I had been out of touch with my friend Will for a number of years. I think we managed to independently marry different women on the same day. But when I got back in touch with him, I found that he had become obsessed with the Donner Party. I remember one evening coming over to his place and his idea of the proper way to spend the night was to listen to a lecture on the Donner Party.

Now, on the one hand, I greatly admire that. And I can always use it when Will tells me that whatever I’m currently obsessing about is boring. But it is a little creepy. You haven’t seen a guy for years and all he wants to talk about is cannibalism. I’m not saying Will is a cannibal, but he is very picky about exactly what taco trucks we eat at. Just saying.

The one thing I learned about the Donner Party is this wasn’t the case of people getting stuck and then starving. The whole thing went on for a year. People went off looking for help, leaving others behind. The whole thing seemed very much preventable. If only other people had cared more. But hopefully, Will will notice this post and fill us all in with a comment.

But as I indicated: it just doesn’t seem strange to me that starving people would eat the flesh of dead people. I don’t see the big deal. In fact, I don’t see any issue at all. It is a totally rational decision. Any other decision is just standing on ceremony.

8 thoughts on “Anniversary Post: Donner Party Begins

  1. It’s kind of a cautionary tale about unregulated markets. This con artist sold the party on a new route even though he’d never actually found the route before. And people died as a result. If a fishing guide did that today, he’d be in real trouble, and rightfully so!

    • I didn’t know that.
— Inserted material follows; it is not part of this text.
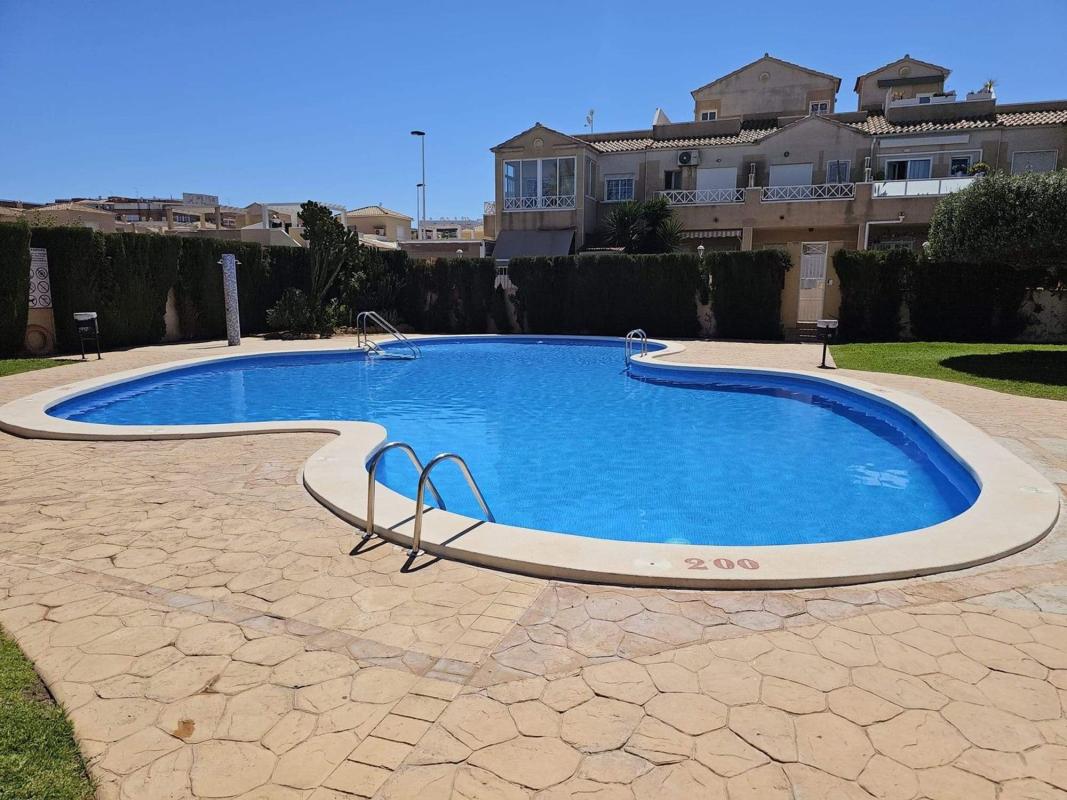 Propiedades en venta y alquiler en España photo 2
But the libertarian would point out that there is no problem, because word would get around and that con artist would quickly be out of business!

  2. My grandmother was related to the branch of the Donner family that _didn’t_ make the trip that year; there are family legends about a distant cousin, a survivor of the trek, who hoarded food in her dotage because she never wanted to be hungry again. I have no idea whether I should believe those legends or not, but they were part of the family lore when I was a kid.

    Anyway, since I have a sort of left-handed right to the name, I’ve long used it as my restaurant-reservation name, just for the fun of hearing it called out when the table is ready. As with so many other things, Randall Munroe took that joke to its logical conclusion…
    https://xkcd.com/30/

    I also bought this shirt, which cracks me up inordinately:
    http://shirt.woot.com/offers/im-a-humanatarian

    • Ah, like that Twilight Zone episode, “To Serve Man.” There are so many things wrong with that episode!

      Yeah, I was thinking it. It sounds so natural, “Donner: Party of Six.” Actually: good band name.

  3. Yeah, so the thing we were listening to was not a lecture, but an audio book of, Ordeal By Hunger, by George R Stewart. It is really the definitive work on a the subject and rather a big book. read to us by Jeff Riggenbach….and a fabulous job he does. Here is a link to this work on Amazon http://www.amazon.com/Ordeal-by-Hunger/dp/B000E10YS8
    I used to alternate in listening to this work and a narrative work on the final days in Hitlers bunker.
    Yeah, I already know, I am one fun date.
    Both stories are the result of making a series of poor decisions. Yet, despite the madness that surrounds the characters, effort is made to make the best of circumstances.
    When the first survivors of the Party get through, they attempt to rally support, to send help, but are sidelined by local skirmishes and politics. Their initial attempts are ineffectual and the whole mess languishes for months. It always leaves me shaking my head and hugging my children.

    • Ah. I thought it was a series of lectures, but chapters make sense. As I said: I think eating the dead was making the best of a bad situation. I don’t blame them. I would do the same thing. My only concern would be that the meat was gamy. Regardless, I would be more interested now than I was then.

  4. More should be stated, at least kudos to Tamsen Donner. A doding mother and the wife to party namesake George Donner. Her husband was severely wounded and suffering for the duration of the story. She had at least three opportunities to leave and save herself, but stayed by her mans side through his (and her) demise. The story has the elements it really needs to live on in lore and history books: fateful pride, deceit, profiteering, murder.